• 7. ND-Lesergeschichten-Wettbewerb

... bleibt hier drinnen

  • Brigitte Seifert, 14542 Werder
  • Lesedauer: 2 Min.
Eine Woche vor Gründung der DDR erblickte ich das Licht der Welt. Da ich zwei Stunden nach Mitternacht geboren wurde, wird es sich um die Beleuchtung des Kreißsaales gehandelt haben. So genau weiß ich das nicht.

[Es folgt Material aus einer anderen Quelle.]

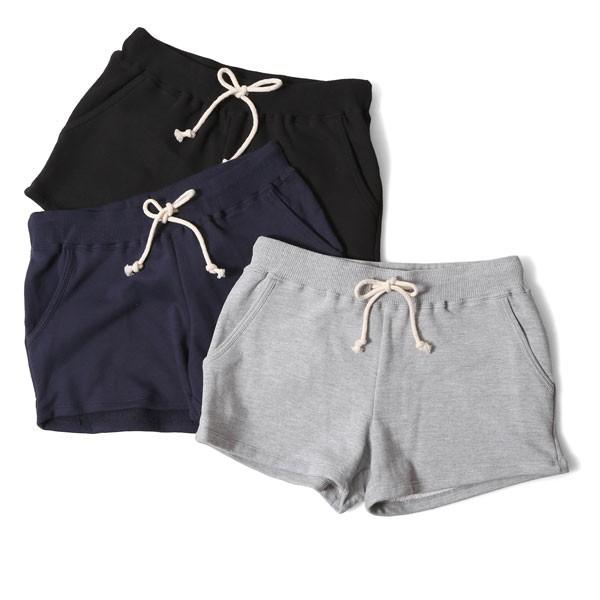 スウェット ショーツ ショートパンツ レディース ショーパン スウェットショーツ パンツ ショート 綿100 スエット スウエット 夏 ボトムス 短パン 半ズボン M H A Style 通販 Yahoo ショッピング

Als ich meine Umwelt anfing, bewusst wahrzunehmen, fand ich alles wunderschön. Ich wurde in eine Zeit hineingeboren, in der die Menschen Frieden erlebten und ich war ein Sonnenscheinchen. Schule, Studium, Familie (Mann und drei Söhne), Beruf, Wohnung – ein erfülltes Leben! Stolz war ich darauf, so alt wie die Republik zu sein.

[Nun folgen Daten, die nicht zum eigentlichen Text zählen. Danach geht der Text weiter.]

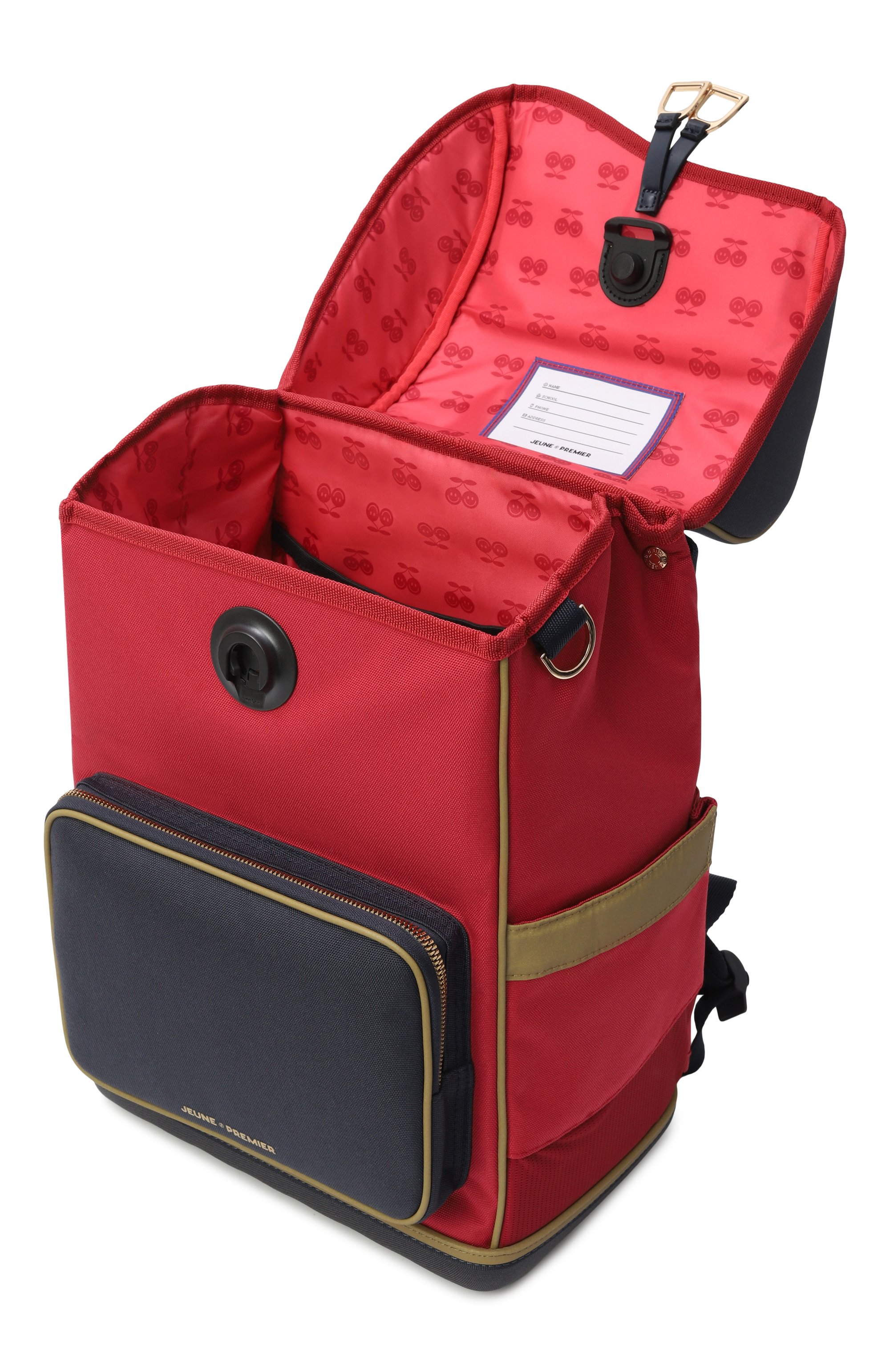 Рюкзак ergomaxx JEUNE PREMIER, арт. ERX25242, фото 3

1989 sollte ein besonderes Jahr werden. Unser jüngster Sohn hatte sportliche Erfolge. Der mittelste Sohn feierte seine Jugendweihe. Der älteste schloss die 10. Klasse mit sehr guten Ergebnissen ab und bekam die gewünschte Lehrstelle. Ein Bulgarienurlaub sollte für die ganze Familie ein Höhepunkt sein. Die Republik wurde 40 Jahre alt und ich auch. Dass der Vortag meines Geburtstages mit einer gesellschaftlichen Veranstaltung zusammenfiel, störte mich wenig, hatte ich doch auf diese Art ein schönes Erlebnis. Nach einer Dampferfahrt gab es Unterhaltung pur. Obwohl weder mein Mann noch ich Spielchen lieben, beteiligten wir uns an einem Reimwettbewerb. »Und wer Clarissen will gewinnen, bleibt hier drinnen«, dichtete mein Mann Bezug nehmend auf die aktuelle politische Lage. Das Reimen brachte uns in den Besitz von Plüschente Clarissa. Das Tierchen befindet sich noch in unserem Besitz und erinnert an einen ereignisreichen Tag. Um Mitternacht bekam ich einen Extratanz – nun war ich 40 Jahre alt. Da ahnte ich noch nicht, dass ich in der zweiten Hälfte meines Lebens nicht mehr Bürgerin der DDR sein würde.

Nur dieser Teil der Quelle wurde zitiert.